Records to use
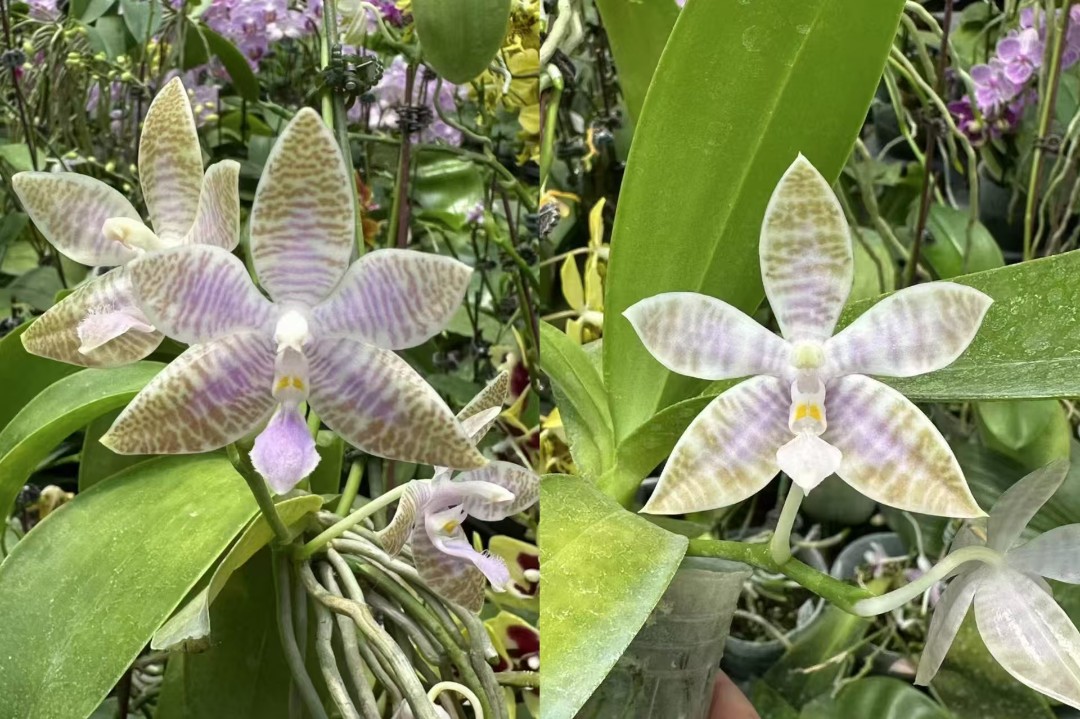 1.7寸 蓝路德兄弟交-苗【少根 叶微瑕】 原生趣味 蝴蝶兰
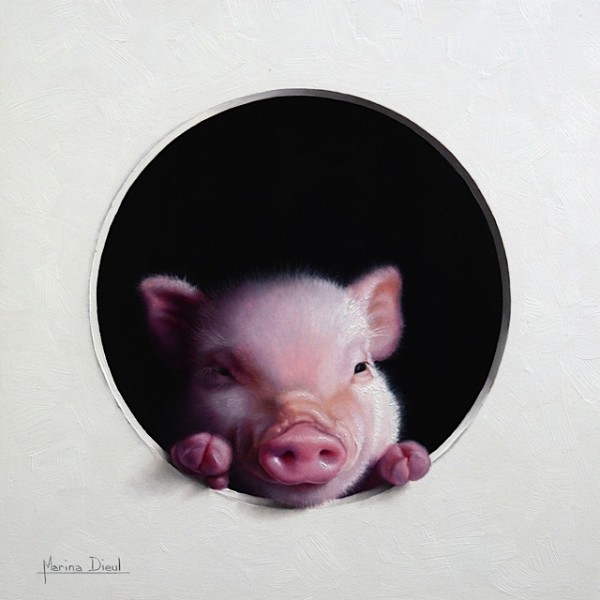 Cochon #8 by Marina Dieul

--

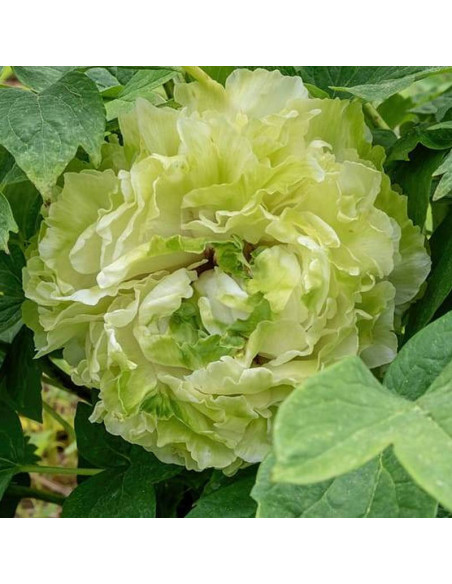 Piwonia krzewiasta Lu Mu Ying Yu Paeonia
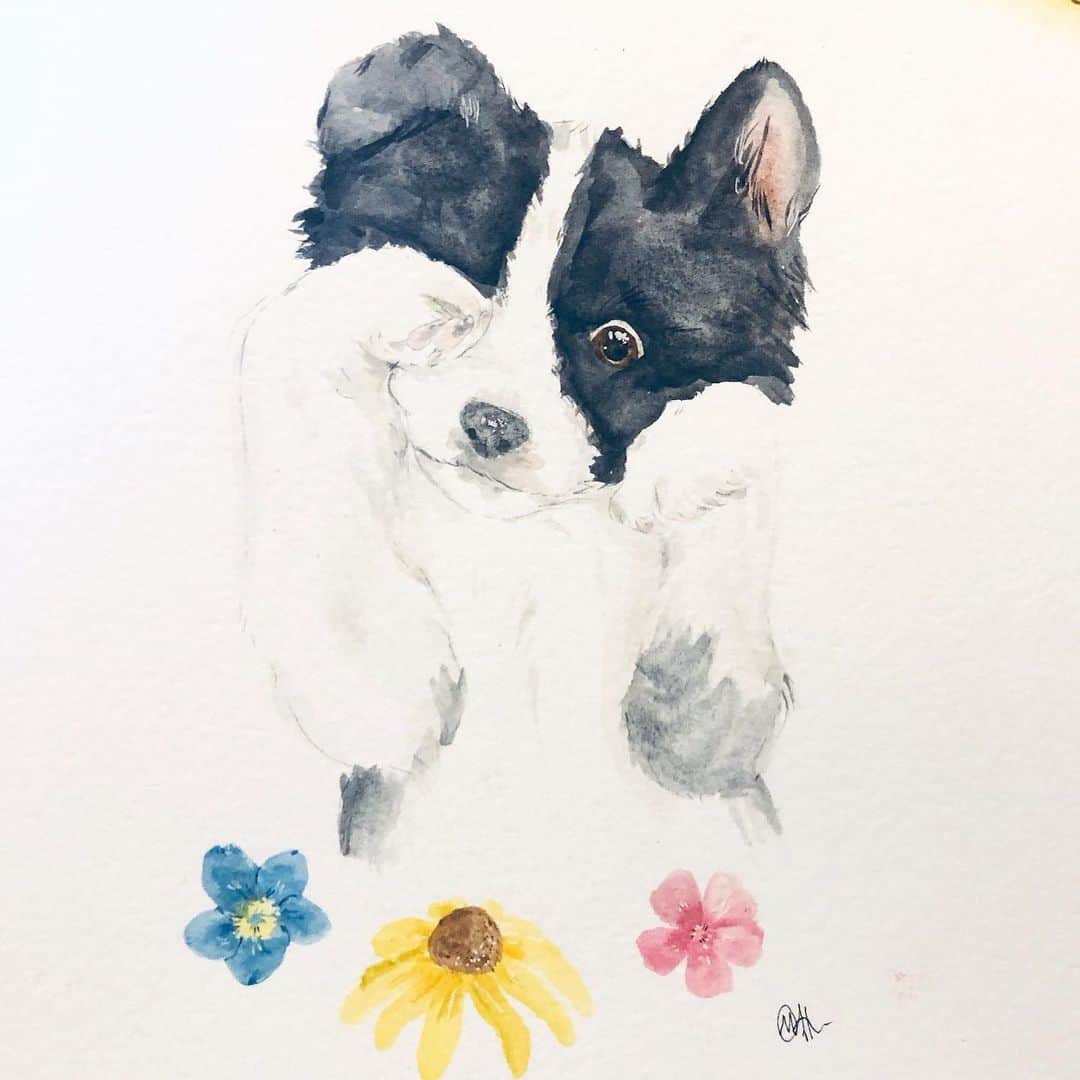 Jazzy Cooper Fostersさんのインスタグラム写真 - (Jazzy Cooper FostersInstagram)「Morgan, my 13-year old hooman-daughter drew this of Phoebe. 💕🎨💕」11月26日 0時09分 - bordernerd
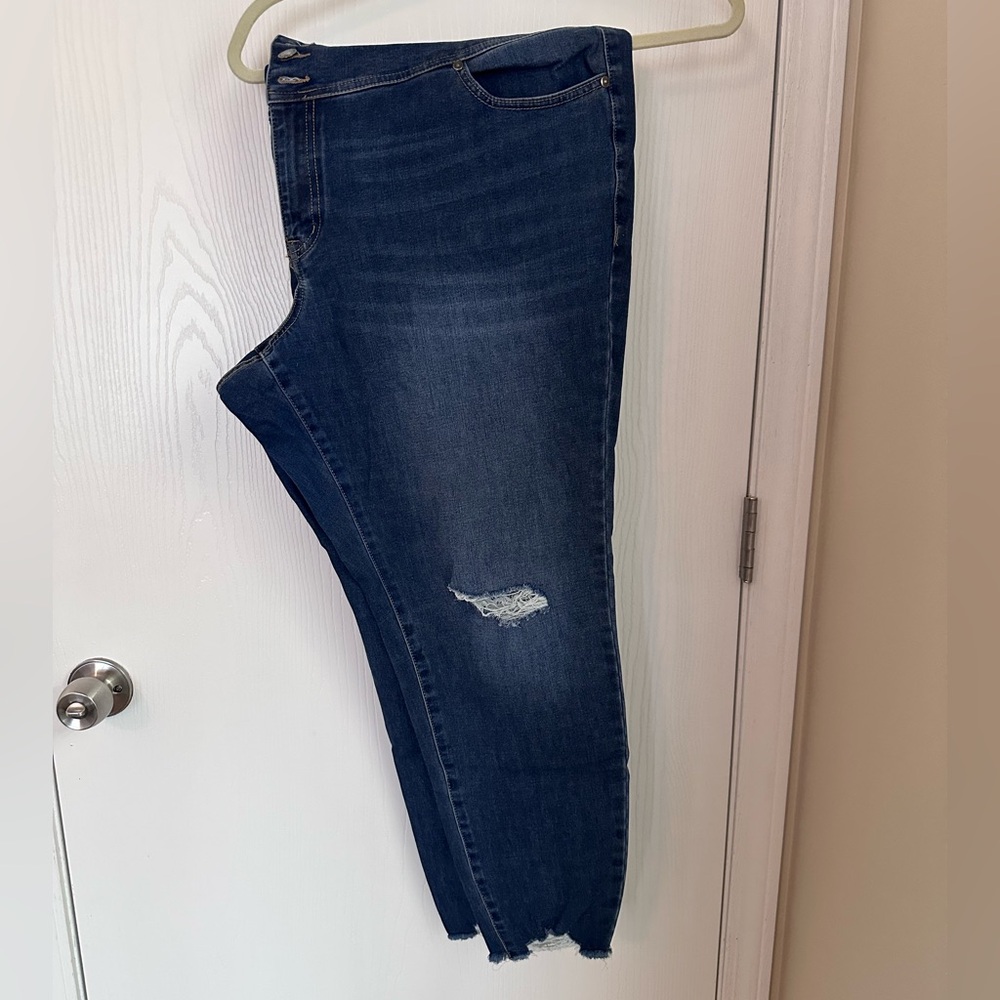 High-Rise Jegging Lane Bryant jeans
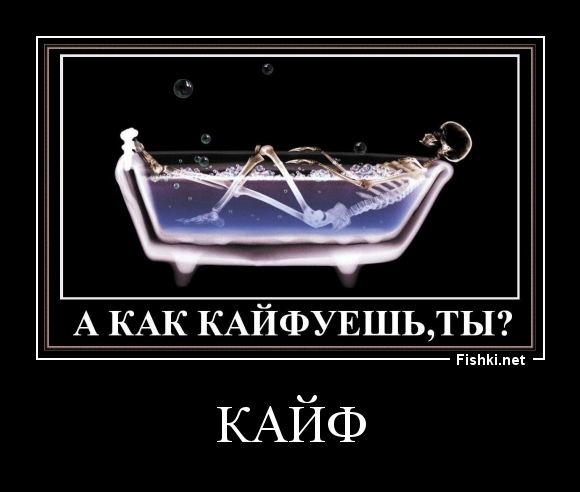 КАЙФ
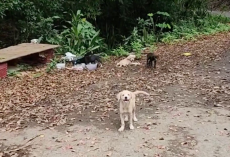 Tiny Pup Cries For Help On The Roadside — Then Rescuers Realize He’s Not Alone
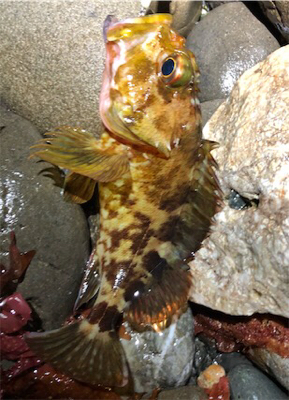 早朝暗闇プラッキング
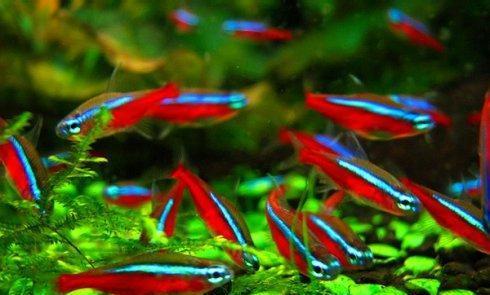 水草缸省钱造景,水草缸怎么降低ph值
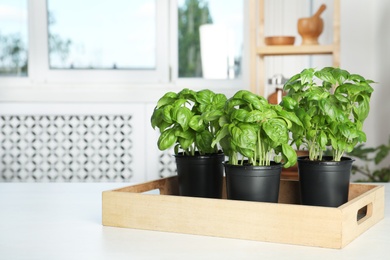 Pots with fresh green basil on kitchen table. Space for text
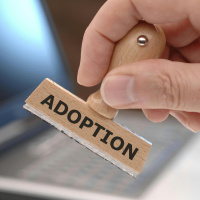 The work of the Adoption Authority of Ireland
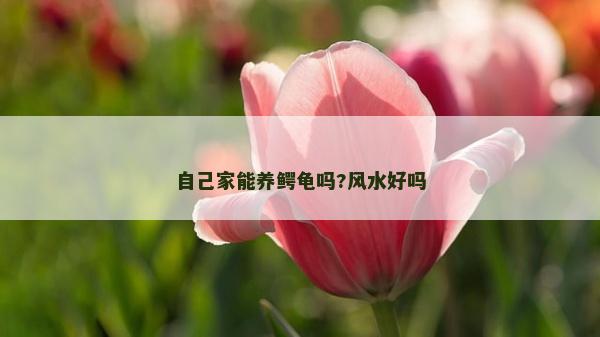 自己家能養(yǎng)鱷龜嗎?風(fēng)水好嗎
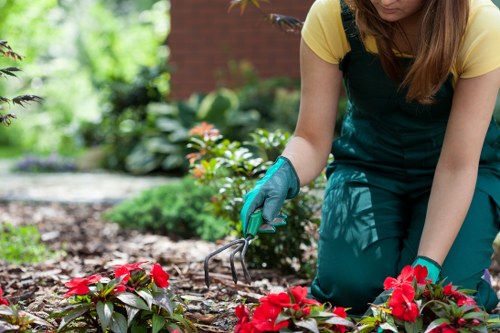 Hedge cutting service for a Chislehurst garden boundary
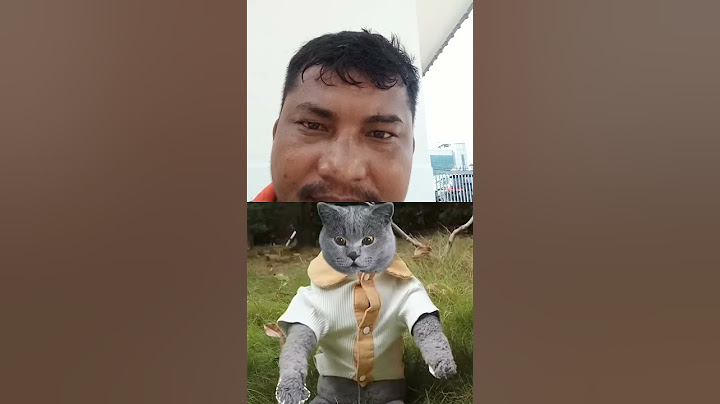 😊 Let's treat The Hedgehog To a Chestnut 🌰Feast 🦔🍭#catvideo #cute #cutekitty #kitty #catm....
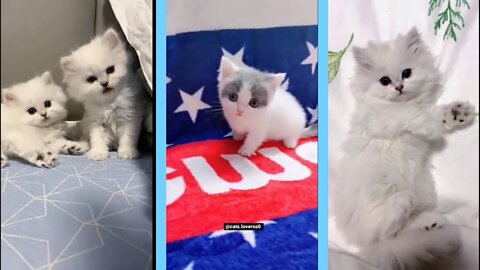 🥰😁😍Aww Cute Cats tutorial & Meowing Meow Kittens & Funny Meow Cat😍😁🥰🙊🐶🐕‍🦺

Task brief
Please return the material above only from the line that holds "1.7寸 蓝路德兄弟交-苗【少根 叶微瑕】 原生趣味 蝴蝶兰" through the line that holds "Cochon #8 by Marina Dieul", exactly as it stands, ends included and pictures omitted.

Task result
 1.7寸 蓝路德兄弟交-苗【少根 叶微瑕】 原生趣味 蝴蝶兰
 Cochon #8 by Marina Dieul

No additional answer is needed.